1. Computer vision¶
In computer vision, a machine learning model uses the image and pattern mappings to find solutions.
The model analyses the image as an array of pixels.
This has applications in many monitoring, inspection, and surveillance tasks.
1.1. Computer vision applications¶
Classification of the content in an image.
Detecting different objects in an image.
Detecting and locating multiple objects in an image.
Instance segmentation, where objects are located at the pixel level also within a cluster of similar objects, drawing the boundaries for each of them.
The automatic analysis/annotation of videos and images.

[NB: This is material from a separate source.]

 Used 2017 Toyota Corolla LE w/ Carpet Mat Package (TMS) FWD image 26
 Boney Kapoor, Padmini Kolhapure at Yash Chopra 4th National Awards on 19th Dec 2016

1.2. Machine learning tools¶
Some of the key technologies in computer vision are:
Support vector machines
Neural networks
Probabilistic graphical models.
1.2.1. Support vector machines¶
The Support Vector Machine (SVM) was previously one of the most popular algorithms in modern machine learning. It often provides very impressive classification performance on reasonably sized datasets. However, SVMs have difficulties with large datasets since the computations don’t scale well with the number of training examples. This poor performance with large datasets hinders somewhat their success in computer vision and is the reason why neural networks have partly replaced SVMs.
1.2.2. Neural networks¶
Neural networks are a large class of models and learning methods. The most traditional is the single hidden layer back-propagation network or a single layer perceptron.
Despite the hype surrounding neural networks, they are no different from other nonlinear statistical models. They are just networks of neurons that calculate linear combinations of input values and input these linear combinations to nonlinear activation functions. The result is a powerful learning method, with widespread applications in many fields. The most successful neural network architectures in computer vision are convolutional neural networks that are introduced in more detail below.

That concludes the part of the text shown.